Single by Future

from the album Future
- Released: February 21, 2017
- Recorded: 2016
- Genre: Hip hop; trap; cloud rap;
- Length: 3:45
- Label: A1; Freebandz; Epic;
- Songwriters: Nayvadius Wilburn; Gary Hill;
- Producer: DJ Spinz;

Future singles chronology
| "Cold" (2017) | "Draco" (2017) | "Selfish" (2017) |

= Draco (song) =

"Draco" is a song by American rapper Future released as the lead single for his eponymous fifth studio album (2017). The song was written by him and was produced by DJ Spinz. The single peaked at number 46 on the US Billboard Hot 100.

==Critical reception==
Sheldon Pearce of Pitchfork described the song as "Future is shooting a starter pistol in the air mid-victory lap". “Draco” refers to the Romanian pistol based on the AK-47 assault rifle.

==Chart performance==
"Draco" debuted and peaked at number 46 on the US Billboard Hot 100 a week after release. It is the second highest-charting song taken from the album.
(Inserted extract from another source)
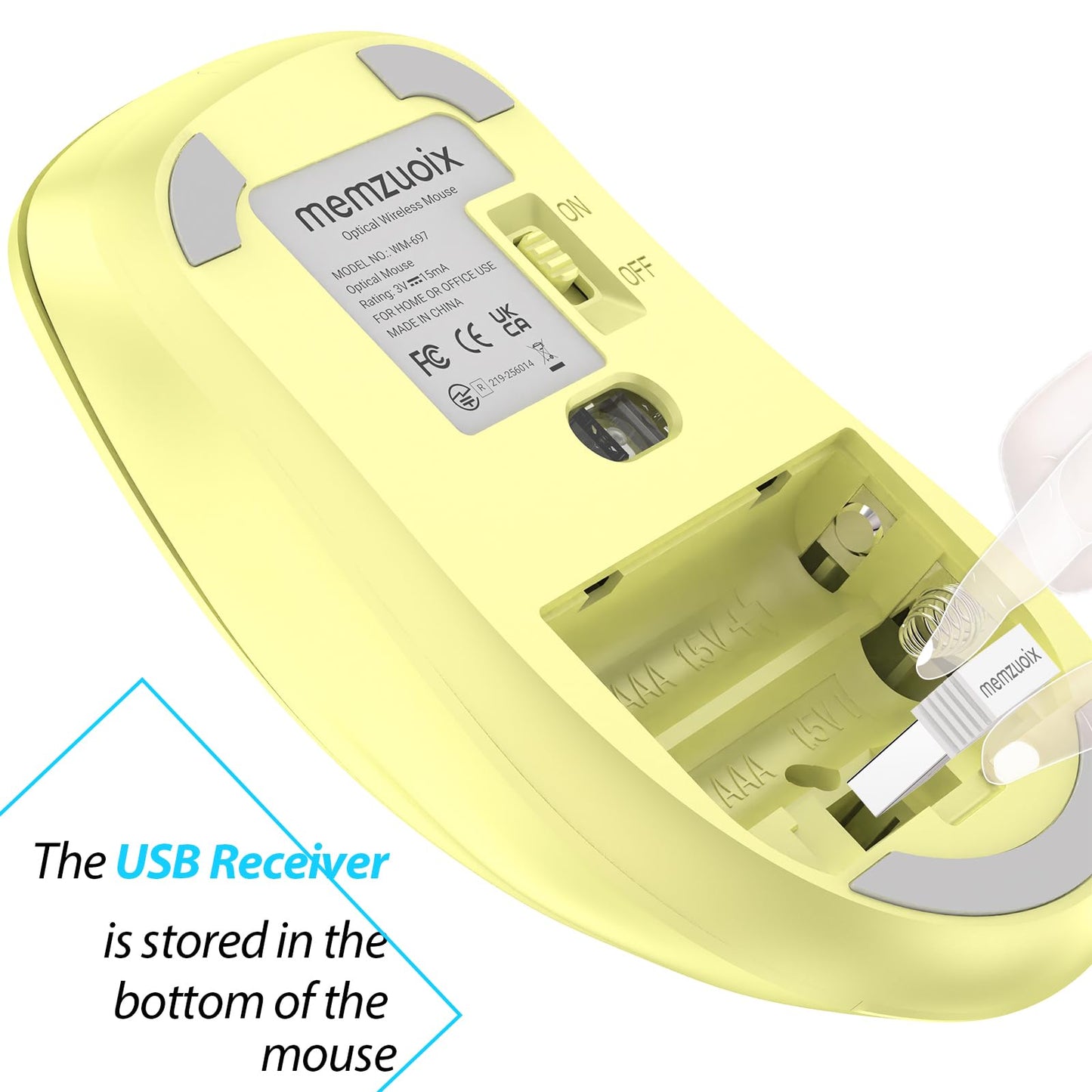 memzuoix 2.4G Wireless Mouse, 1400 DPI Mobile Optical Cordless Mouse with USB Receiver, Portable Computer Mice for Laptop, PC, Desktop, MacBook, 5 Buttons, Red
On October 19, 2017, the song was certified platinum for combined sales and streaming equivalent units of over a million units in the United States.

==Charts==

| Chart (2017) | Peak position |
|---|---|
| Canada Hot 100 (Billboard) | 62 |
| US Billboard Hot 100 | 46 |
| US Hot R&B/Hip-Hop Songs (Billboard) | 17 |

==Certifications==

| Region | Certification | Certified units/sales |
| Canada (Music Canada) | Gold | 40,000^{‡} |
| United States (RIAA) | Platinum | 1,000,000^{‡} |
^{‡} Sales+streaming figures based on certification alone.